> **PROBLEM TO WORK ON**: From the line containing "[Preorder] VMB 1:64" down to the last line of the records below, give every line again without any change.

:: EXTRACTED DATA

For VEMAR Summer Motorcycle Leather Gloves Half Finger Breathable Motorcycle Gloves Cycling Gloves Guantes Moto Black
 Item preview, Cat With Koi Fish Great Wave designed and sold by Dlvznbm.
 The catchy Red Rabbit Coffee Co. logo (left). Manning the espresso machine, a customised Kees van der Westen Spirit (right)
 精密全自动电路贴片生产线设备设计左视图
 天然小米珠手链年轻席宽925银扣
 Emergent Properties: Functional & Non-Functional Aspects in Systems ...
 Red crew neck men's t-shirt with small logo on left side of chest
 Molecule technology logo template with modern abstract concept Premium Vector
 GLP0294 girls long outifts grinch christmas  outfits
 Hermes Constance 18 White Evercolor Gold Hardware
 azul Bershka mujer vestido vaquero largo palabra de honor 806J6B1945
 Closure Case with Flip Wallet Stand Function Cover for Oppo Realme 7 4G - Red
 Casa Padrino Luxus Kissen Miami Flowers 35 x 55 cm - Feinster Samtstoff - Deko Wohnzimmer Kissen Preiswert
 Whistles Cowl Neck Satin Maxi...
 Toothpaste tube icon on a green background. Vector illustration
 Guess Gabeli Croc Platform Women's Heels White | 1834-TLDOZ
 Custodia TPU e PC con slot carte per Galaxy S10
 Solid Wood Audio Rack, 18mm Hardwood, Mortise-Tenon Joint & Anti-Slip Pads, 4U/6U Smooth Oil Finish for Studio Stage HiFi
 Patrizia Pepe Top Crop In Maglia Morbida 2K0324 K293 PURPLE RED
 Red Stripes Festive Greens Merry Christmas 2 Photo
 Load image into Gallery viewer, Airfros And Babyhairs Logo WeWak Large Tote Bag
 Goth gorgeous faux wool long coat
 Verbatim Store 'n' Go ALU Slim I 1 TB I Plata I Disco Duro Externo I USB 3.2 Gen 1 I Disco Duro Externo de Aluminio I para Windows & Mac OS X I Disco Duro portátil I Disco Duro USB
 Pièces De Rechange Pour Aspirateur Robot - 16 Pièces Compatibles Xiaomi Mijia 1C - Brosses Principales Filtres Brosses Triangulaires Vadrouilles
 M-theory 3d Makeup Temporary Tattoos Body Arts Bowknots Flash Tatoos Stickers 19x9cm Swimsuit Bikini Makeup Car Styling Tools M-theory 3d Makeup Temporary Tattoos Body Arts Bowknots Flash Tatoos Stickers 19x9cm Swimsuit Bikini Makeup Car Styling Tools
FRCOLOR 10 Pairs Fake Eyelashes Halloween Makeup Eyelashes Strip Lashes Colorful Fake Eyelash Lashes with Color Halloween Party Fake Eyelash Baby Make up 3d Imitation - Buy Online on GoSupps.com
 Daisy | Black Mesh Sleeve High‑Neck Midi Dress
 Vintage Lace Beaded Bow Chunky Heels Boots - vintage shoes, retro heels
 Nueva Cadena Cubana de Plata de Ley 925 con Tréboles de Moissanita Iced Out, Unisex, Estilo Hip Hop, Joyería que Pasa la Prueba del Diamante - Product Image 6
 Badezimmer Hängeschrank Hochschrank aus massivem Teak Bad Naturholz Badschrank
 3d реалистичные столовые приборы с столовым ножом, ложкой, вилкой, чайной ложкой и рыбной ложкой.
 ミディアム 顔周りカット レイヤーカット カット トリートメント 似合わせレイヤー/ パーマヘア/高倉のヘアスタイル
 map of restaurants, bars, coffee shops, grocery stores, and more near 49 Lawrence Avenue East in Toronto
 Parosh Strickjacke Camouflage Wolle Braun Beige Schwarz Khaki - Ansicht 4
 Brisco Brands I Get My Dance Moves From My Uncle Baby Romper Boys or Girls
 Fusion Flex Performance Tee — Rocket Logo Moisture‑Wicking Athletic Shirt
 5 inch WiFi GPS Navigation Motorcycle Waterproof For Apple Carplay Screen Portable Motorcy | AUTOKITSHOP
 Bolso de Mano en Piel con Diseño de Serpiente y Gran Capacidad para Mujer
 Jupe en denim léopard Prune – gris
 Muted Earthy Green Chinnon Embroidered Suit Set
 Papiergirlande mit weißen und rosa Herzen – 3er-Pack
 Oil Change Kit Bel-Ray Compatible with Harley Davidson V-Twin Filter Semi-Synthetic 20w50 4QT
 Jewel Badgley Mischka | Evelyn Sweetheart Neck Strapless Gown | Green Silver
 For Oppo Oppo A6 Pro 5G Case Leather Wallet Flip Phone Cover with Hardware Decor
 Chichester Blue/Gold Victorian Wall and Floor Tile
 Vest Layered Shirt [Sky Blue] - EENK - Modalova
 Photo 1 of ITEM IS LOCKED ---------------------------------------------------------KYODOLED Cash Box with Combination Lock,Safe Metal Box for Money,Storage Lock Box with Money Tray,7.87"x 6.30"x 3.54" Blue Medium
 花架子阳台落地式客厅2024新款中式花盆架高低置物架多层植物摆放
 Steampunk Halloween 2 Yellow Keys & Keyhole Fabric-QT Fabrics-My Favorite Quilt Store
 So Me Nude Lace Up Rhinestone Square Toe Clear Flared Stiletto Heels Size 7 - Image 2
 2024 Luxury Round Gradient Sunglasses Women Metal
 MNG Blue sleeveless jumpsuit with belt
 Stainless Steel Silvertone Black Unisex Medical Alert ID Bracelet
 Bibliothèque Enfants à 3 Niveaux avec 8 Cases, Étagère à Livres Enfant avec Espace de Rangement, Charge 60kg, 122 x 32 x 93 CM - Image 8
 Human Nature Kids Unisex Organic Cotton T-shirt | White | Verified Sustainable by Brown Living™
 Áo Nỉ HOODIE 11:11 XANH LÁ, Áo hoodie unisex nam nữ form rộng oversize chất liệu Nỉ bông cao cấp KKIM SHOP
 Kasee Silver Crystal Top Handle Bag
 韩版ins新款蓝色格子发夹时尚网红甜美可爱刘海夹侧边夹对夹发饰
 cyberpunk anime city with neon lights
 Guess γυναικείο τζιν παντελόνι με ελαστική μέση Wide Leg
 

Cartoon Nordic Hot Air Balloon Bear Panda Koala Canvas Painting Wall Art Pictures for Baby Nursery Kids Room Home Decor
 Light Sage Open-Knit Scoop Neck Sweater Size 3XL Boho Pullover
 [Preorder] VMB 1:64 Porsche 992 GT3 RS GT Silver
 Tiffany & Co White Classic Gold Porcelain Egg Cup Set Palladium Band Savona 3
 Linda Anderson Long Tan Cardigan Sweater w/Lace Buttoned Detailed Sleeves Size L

::::

> **ANSWER TO THIS PROBLEM**:
 [Preorder] VMB 1:64 Porsche 992 GT3 RS GT Silver
 Tiffany & Co White Classic Gold Porcelain Egg Cup Set Palladium Band Savona 3
 Linda Anderson Long Tan Cardigan Sweater w/Lace Buttoned Detailed Sleeves Size L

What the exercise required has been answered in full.